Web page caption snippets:
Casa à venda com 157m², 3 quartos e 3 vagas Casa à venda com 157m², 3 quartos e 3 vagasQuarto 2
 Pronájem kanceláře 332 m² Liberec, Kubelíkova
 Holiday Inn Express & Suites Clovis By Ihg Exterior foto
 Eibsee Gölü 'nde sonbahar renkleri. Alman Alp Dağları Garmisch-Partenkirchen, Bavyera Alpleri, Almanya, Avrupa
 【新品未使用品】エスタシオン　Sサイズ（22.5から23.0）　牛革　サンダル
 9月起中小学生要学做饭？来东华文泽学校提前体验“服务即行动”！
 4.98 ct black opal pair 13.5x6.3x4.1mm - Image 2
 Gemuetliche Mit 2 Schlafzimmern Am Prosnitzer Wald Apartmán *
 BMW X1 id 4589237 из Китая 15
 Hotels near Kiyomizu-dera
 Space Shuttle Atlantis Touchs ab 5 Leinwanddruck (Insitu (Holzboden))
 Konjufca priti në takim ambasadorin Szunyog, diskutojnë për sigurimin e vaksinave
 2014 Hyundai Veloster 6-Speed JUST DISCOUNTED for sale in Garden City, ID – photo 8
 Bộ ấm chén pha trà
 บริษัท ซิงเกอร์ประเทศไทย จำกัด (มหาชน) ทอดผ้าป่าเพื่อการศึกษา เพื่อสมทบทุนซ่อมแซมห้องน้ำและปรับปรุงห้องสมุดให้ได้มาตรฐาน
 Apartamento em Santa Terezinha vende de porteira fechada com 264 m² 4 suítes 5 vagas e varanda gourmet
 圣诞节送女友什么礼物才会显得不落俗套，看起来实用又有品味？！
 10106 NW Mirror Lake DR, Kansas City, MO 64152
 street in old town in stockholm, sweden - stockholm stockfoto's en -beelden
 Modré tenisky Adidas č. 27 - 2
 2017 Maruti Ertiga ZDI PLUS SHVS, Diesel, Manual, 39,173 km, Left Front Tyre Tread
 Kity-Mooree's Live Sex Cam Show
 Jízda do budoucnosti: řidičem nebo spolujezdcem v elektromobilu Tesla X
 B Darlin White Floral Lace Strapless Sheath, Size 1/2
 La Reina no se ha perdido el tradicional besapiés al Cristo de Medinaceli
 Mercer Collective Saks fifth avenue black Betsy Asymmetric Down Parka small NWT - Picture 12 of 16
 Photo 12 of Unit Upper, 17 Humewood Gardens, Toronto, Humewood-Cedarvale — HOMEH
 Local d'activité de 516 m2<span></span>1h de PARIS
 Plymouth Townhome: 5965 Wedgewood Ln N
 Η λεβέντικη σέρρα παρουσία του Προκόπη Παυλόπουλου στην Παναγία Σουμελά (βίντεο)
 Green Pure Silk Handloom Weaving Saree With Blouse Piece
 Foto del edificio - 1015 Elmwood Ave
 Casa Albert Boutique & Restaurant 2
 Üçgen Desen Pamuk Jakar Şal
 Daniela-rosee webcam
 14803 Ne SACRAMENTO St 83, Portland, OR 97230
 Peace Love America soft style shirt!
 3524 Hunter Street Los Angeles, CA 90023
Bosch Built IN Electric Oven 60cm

### Activity:
Every line from the one that holds "Casa Albert Boutique & Restaurant 2" to the end of the data above should be given again exactly, with that line and the last one both kept.

### Reply:
 Casa Albert Boutique & Restaurant 2
 Üçgen Desen Pamuk Jakar Şal
 Daniela-rosee webcam
 14803 Ne SACRAMENTO St 83, Portland, OR 97230
 Peace Love America soft style shirt!
 3524 Hunter Street Los Angeles, CA 90023
Bosch Built IN Electric Oven 60cm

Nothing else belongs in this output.